It is a well known fact that the high school graduation rate in Alaska is below average compared that of the lower forty-eight. In Anchorage a group of high school students discussed what they are thankful for; many said “Opportunities.” These students are part of the Chugach School District’s Voyage to Excellence Program, formed by the Chugach Alaska Corporation. This is a wonderfully beneficial program that brings Alaska Native, as well as rural, students from all parts of Alaska to Anchorage where they are taught about life, how to plan their future, and prepare for graduation exams. In its 10th year, this program has achieved great success, with a phenomenal 98% high school graduation rate. Compare that number to the 2006 statewide graduation rate for Alaska Natives of 45%, the lowest percentage of any ethnic group in the state, according to the state Department of Education, which is already below Alaska’s overall graduation rate of 60%.

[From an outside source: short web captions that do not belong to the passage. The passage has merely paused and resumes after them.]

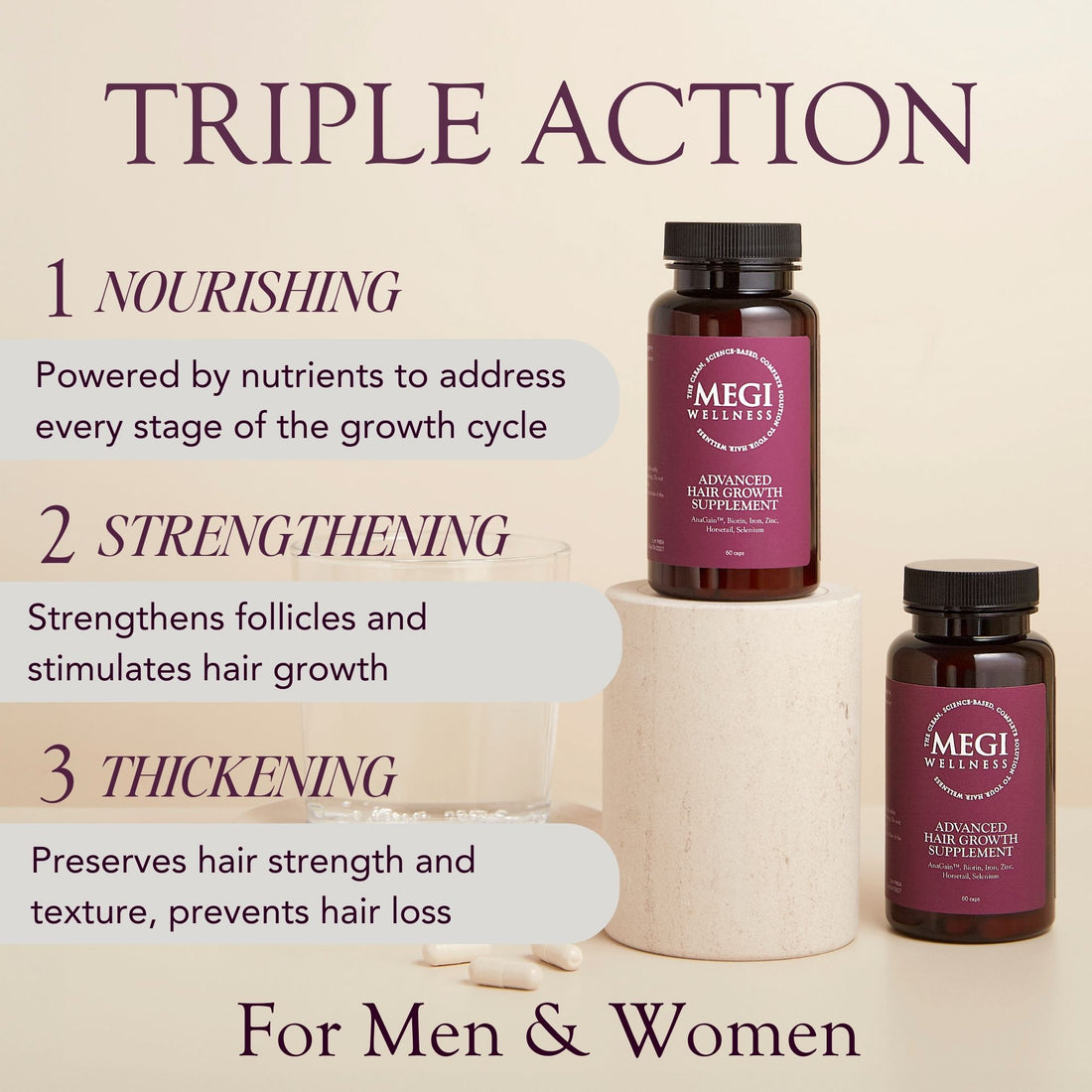 Megi® Wellness Advanced Hair Growth Supplement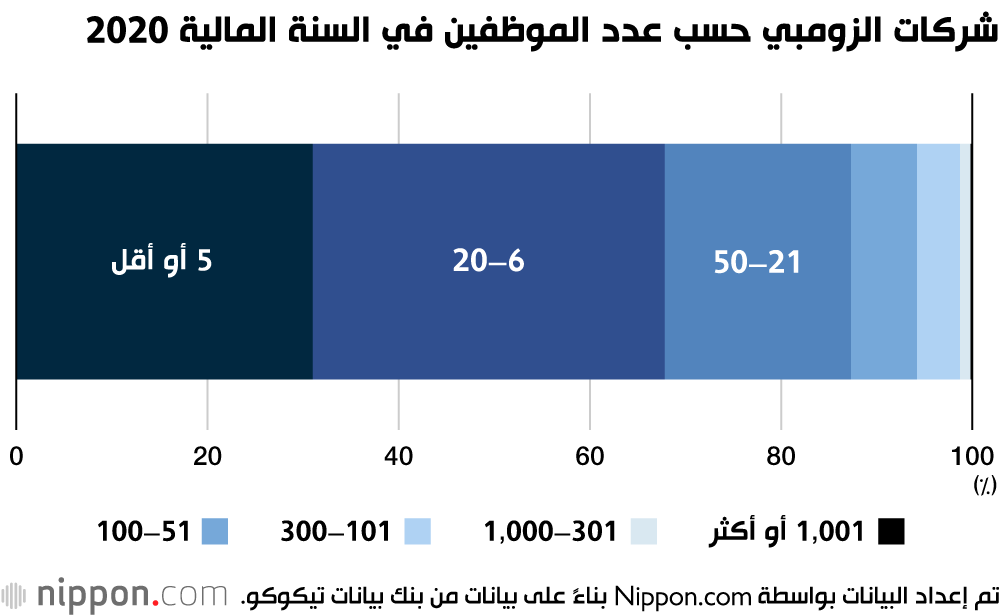 لماذا ارتفع عدد ”شركات الزومبي“ اليابانية؟ 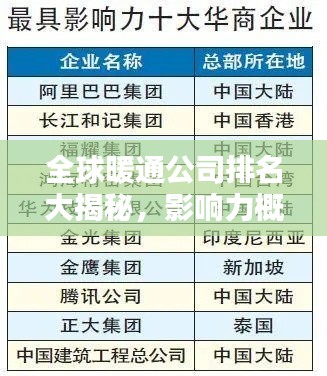 全球暖通公司排名大揭秘,影响力概述一网打尽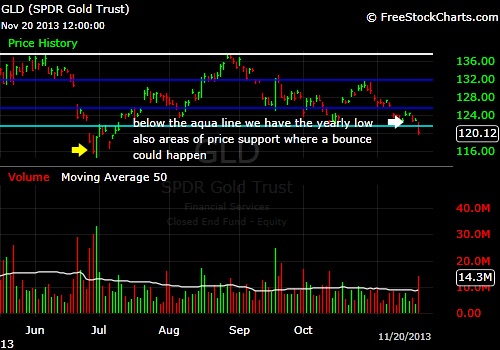 What-Happens-To-Gold-And-Silver-Next?-Look-Out-Below?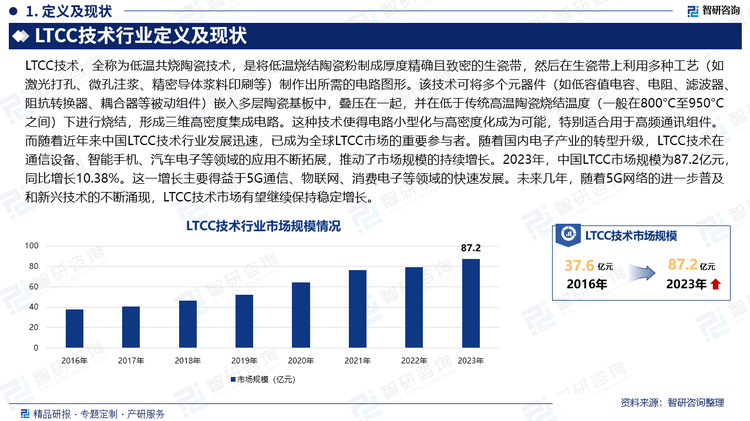 而随着近年来中国LTCC技术行业发展迅速，已成为全球LTCC市场的重要参与者。随着国内电子产业的转型升级，LTCC技术在通信设备、智能手机、汽车电子等领域的应用不断拓展，推动了市场规模的持续增长。2023年，中国LTCC市场规模为87.2亿元，同比增长10.38%。这一增长主要得益于5G通信、物联网、消费电子等领域的快速发展。未来几年，随着5G网络的进一步普及和新兴技术的不断涌现，LTCC技术市场有望继续保持稳定增长。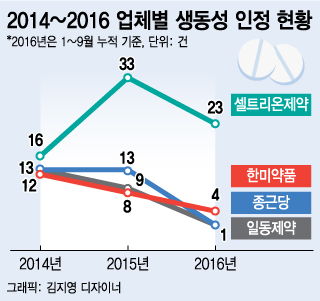 셀트리온, 제네릭에서도 강자부상…한미·종근당 위협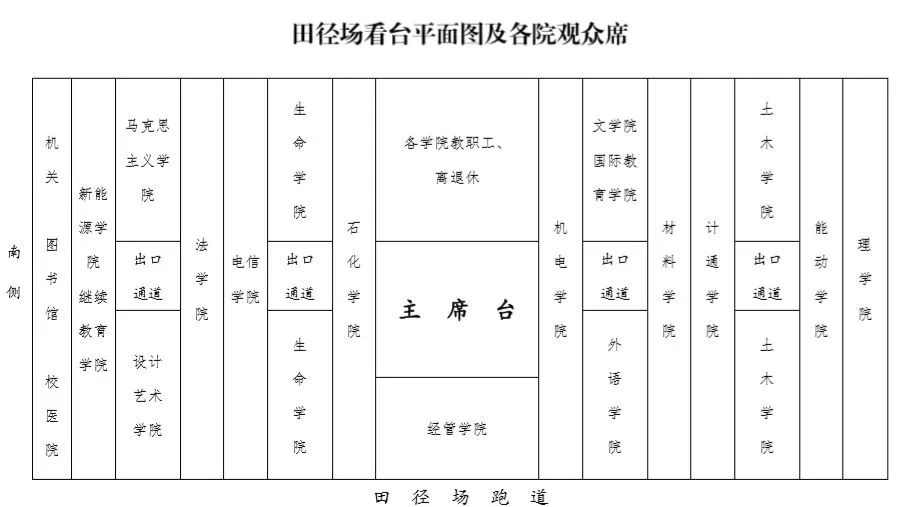 湖南省第四届中学生运动会秩序册,运动会秩序手册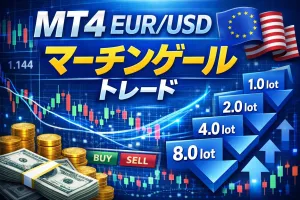 MT4 EUR/USDマーチンゲールトレード Auto Trading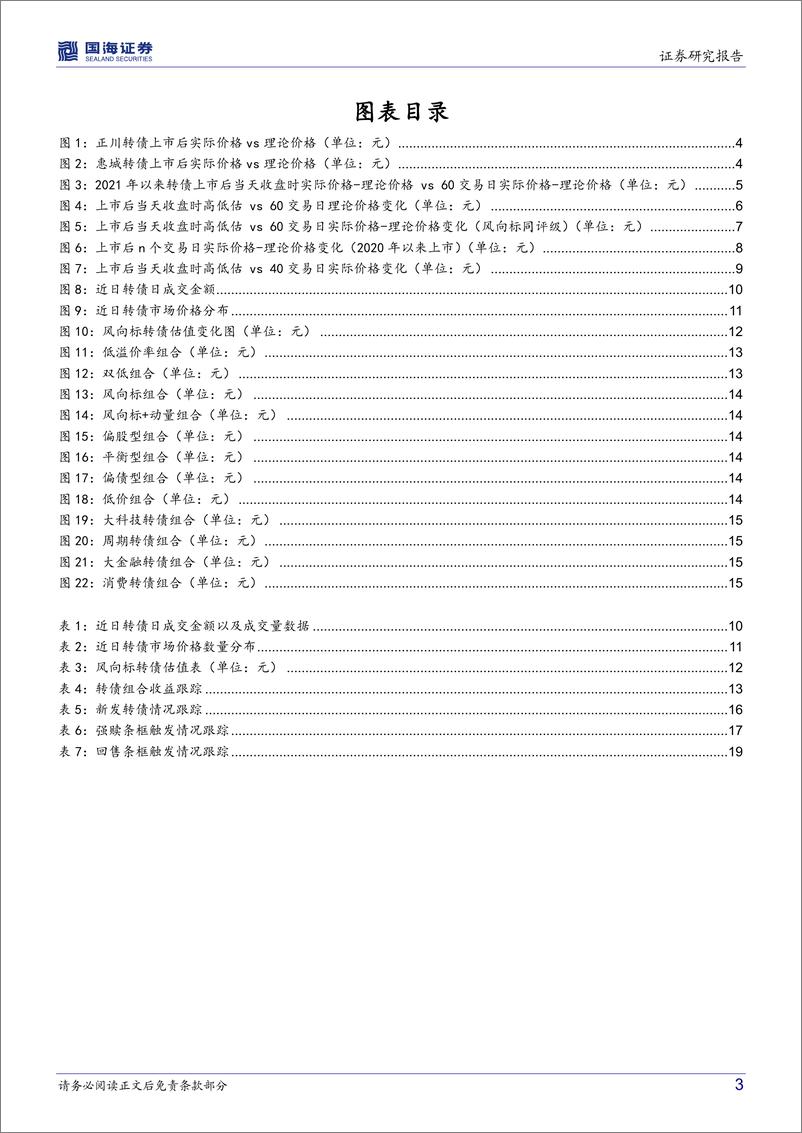 《转债市场跟踪：转债，新债上市后估值如何变化？-20220505-国海证券-22页》 - 第4页预览图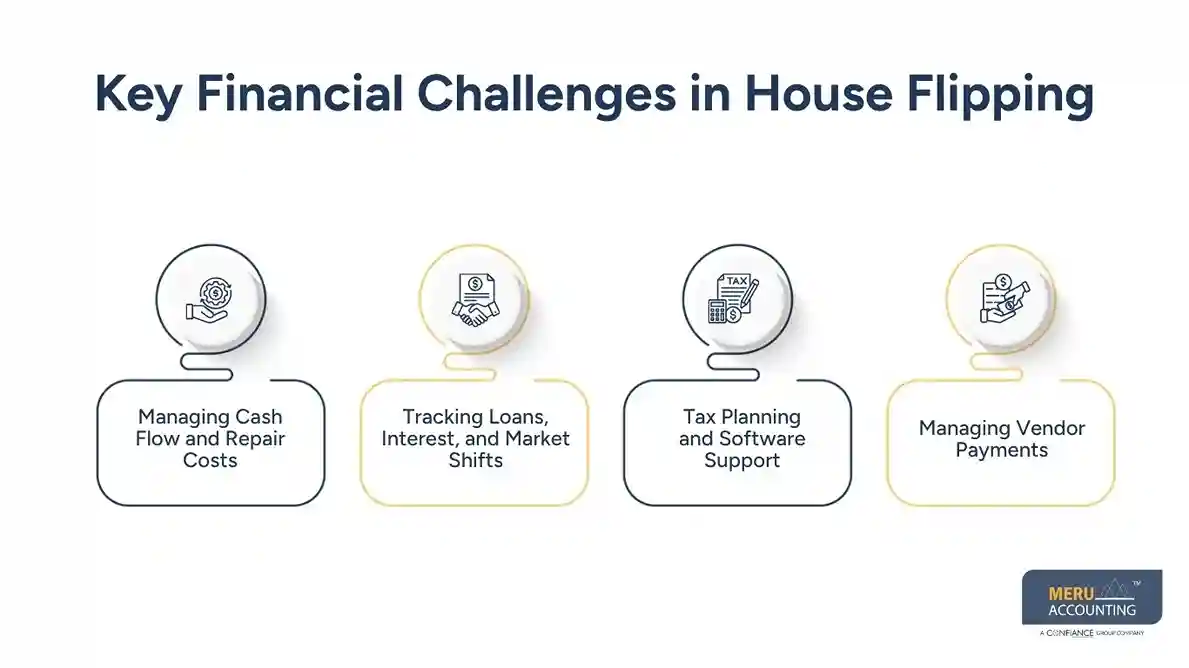Key Financial Challenges in House Flipping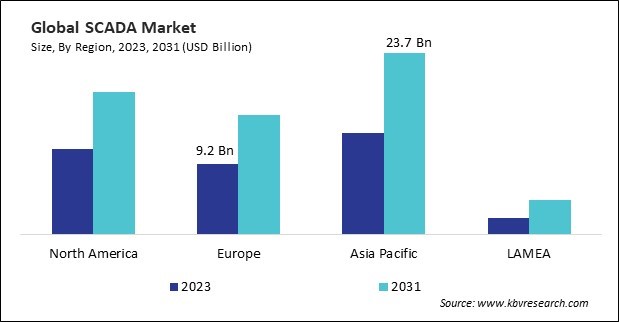 SCADA Market Size - By Region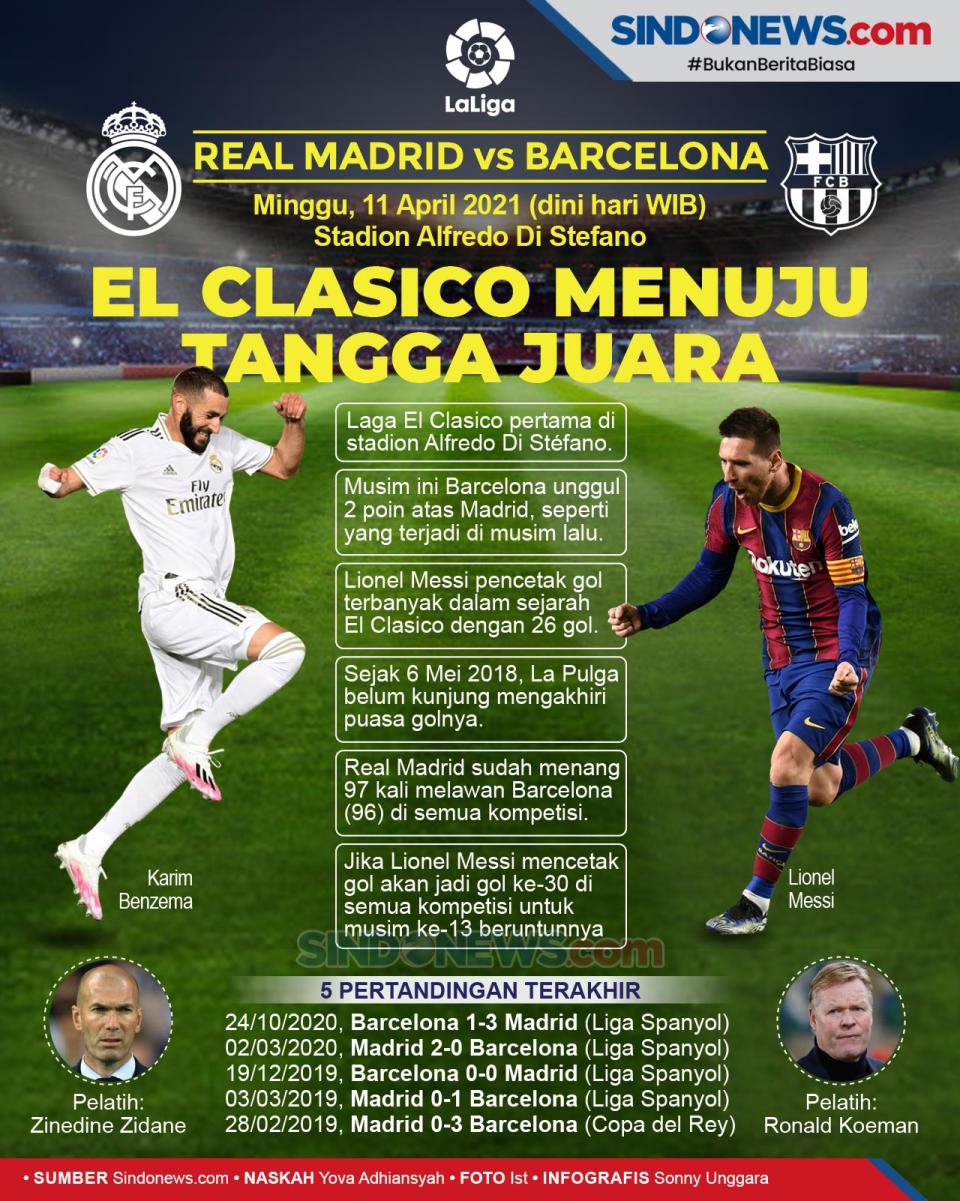 El Clasico Real Madrid...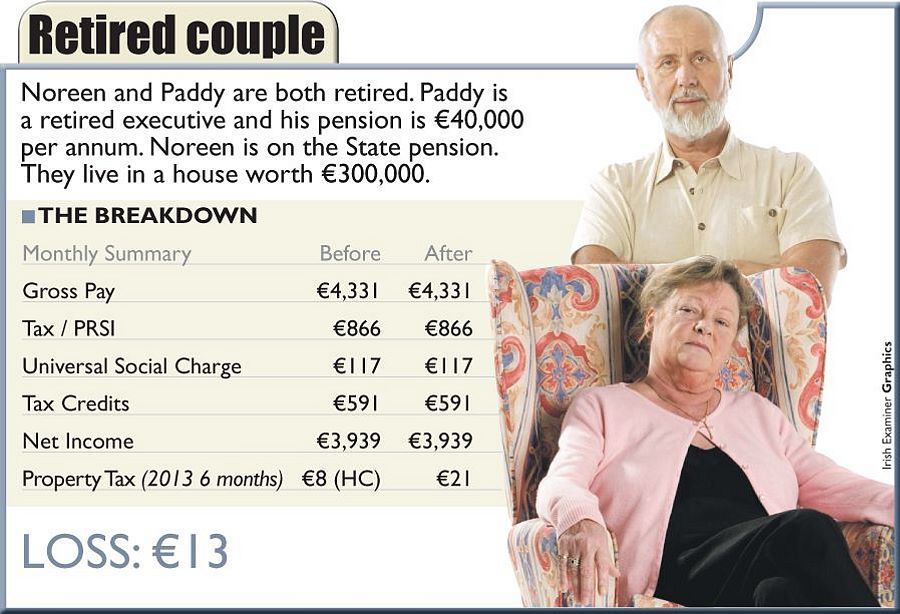 Retired couple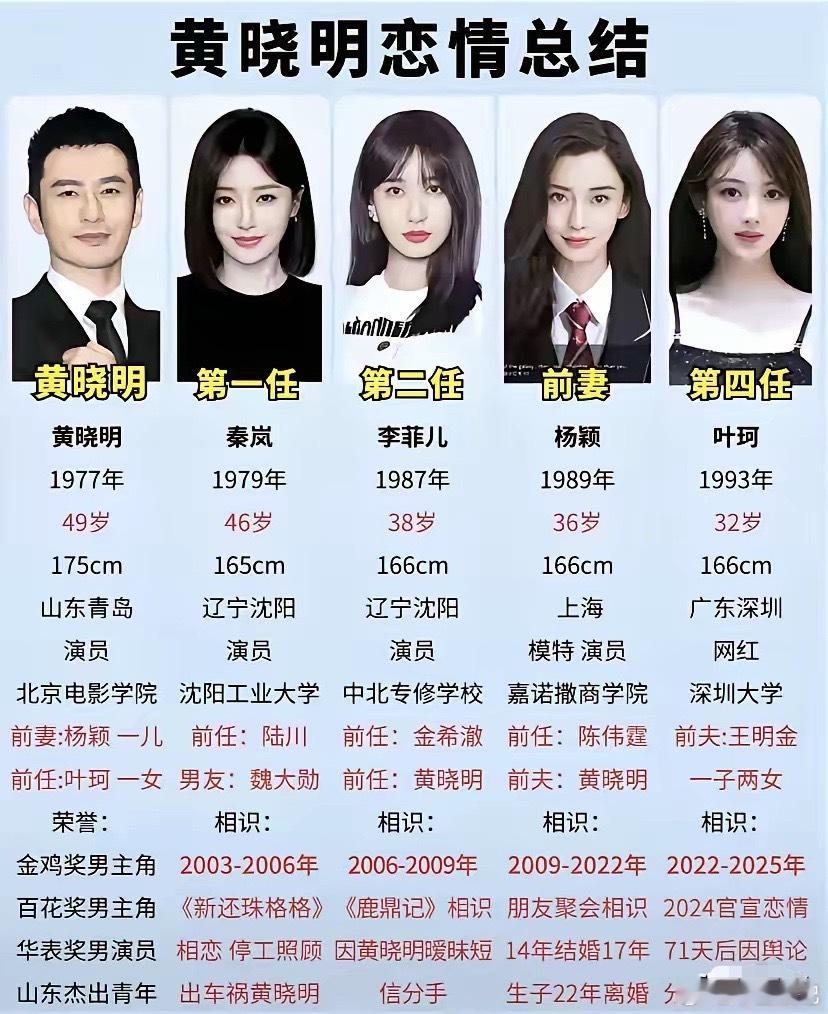 黄晓明真没亏待自己，对自己真好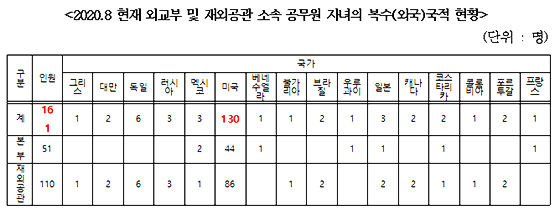 NSP통신- (김영주 의원실)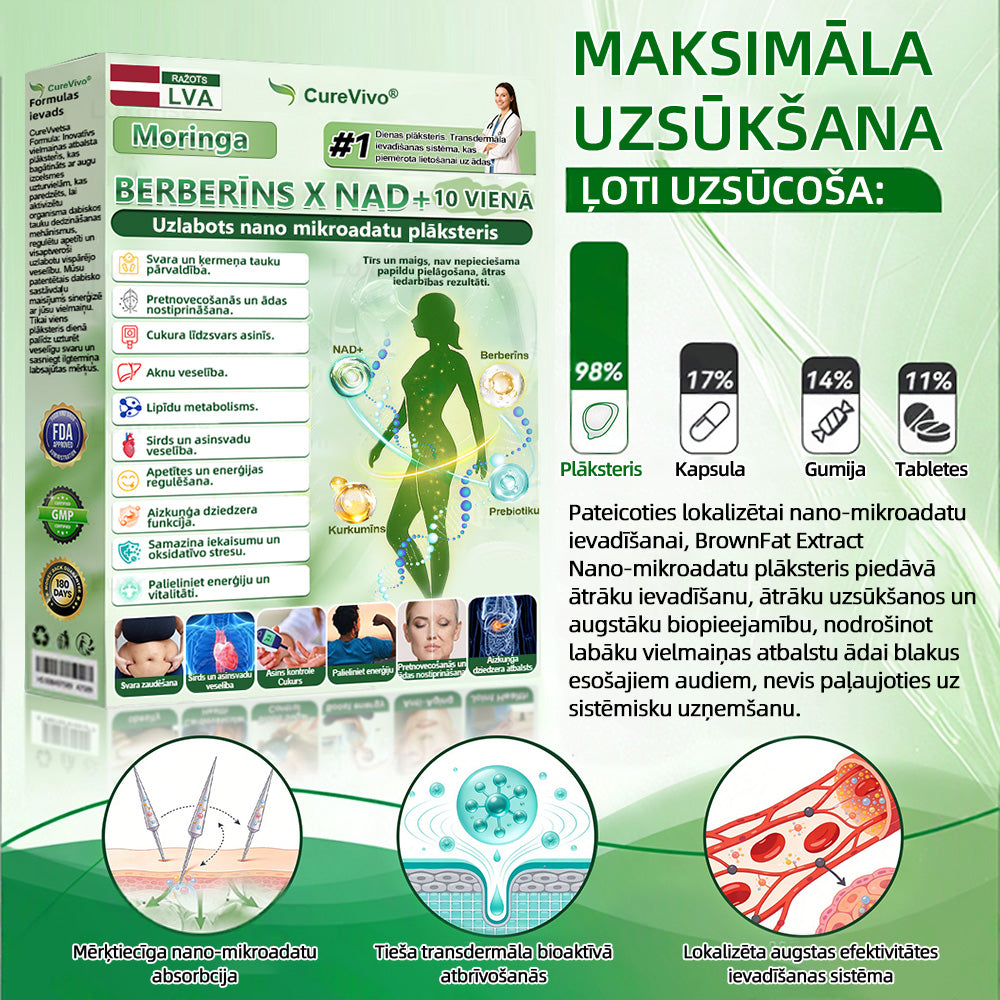 💫CureVivo® Nano Mikroadatu Plāksteris — Svara Zaudēšana, Diabēts, Locītavas, Āda | Oficālais Veikals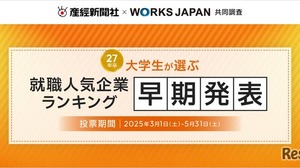 大学生が選ぶ就職人気企業ランキング…文系TOP2は商社 画像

Unfortunately, because the program has limited funding provided by the state and grants, the program can only take 150 participates each year. Why is this? If the program has such a high success rate, why is there not more money going into it? As sociologists, do you think it is because they are a minority, so most of the state money and grants go towards privileged students? Is it that those in charge have expectations of failure for Alaska Native students, or hold negative stereotypes of Alaska Natives – having children at a young age, or the tendency towards consumption of alcohol that forces them to drop out? Or is it something else?
Some might think that this program is taking away Alaska Native culture, because it forces them to leave their villages and travel away from their traditional homes and ways of life. But this program does the opposite. It provides Alaska Native students the opportunity to succeed where they have not been so successful before, in education. Culture norms and values are passed down from generation to generation. However this program is not about taking away their culture but help educate the next generations with skills that can be used both in cities and back home in their villages.